(Problem to solve) Once you find the line with "派克（PARKER） 笔芯水性笔芯 签字笔替换芯" in the entries below, print it and each line after it up to and including the line with "Rubik's Tetris 3x3", exactly, without pictures.

Given information Start Marker

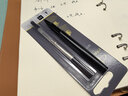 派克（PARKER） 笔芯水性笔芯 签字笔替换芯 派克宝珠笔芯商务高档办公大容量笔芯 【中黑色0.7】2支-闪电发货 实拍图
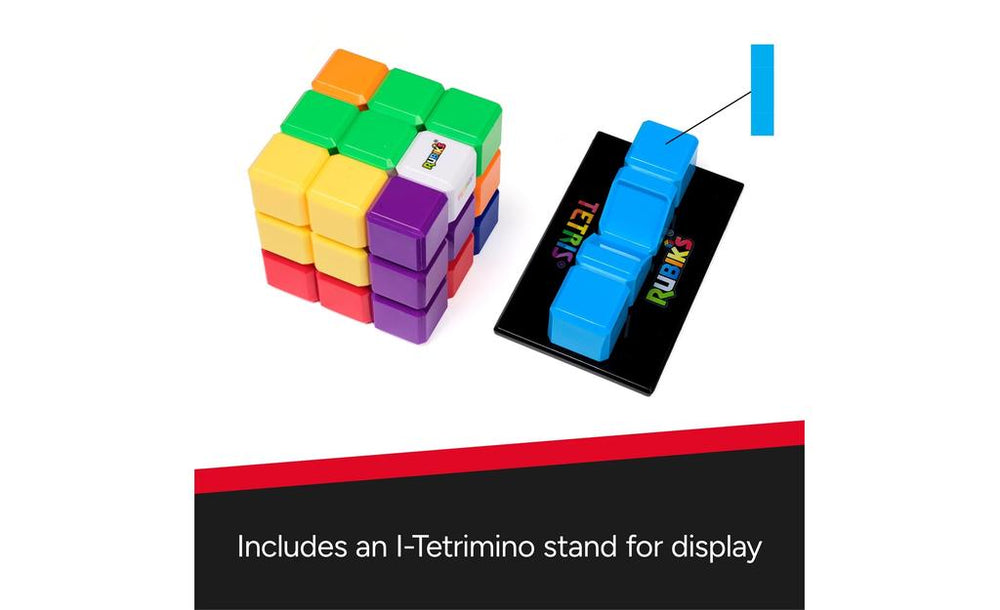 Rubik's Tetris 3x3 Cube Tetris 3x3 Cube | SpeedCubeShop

Given information End Marker
Given information Start Marker

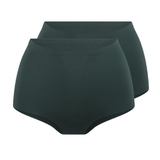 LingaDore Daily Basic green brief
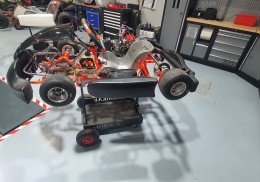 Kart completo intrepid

Given information End Marker

(Answer for this exercise)
 派克（PARKER） 笔芯水性笔芯 签字笔替换芯 派克宝珠笔芯商务高档办公大容量笔芯 【中黑色0.7】2支-闪电发货 实拍图
 Rubik's Tetris 3x3 Cube Tetris 3x3 Cube | SpeedCubeShop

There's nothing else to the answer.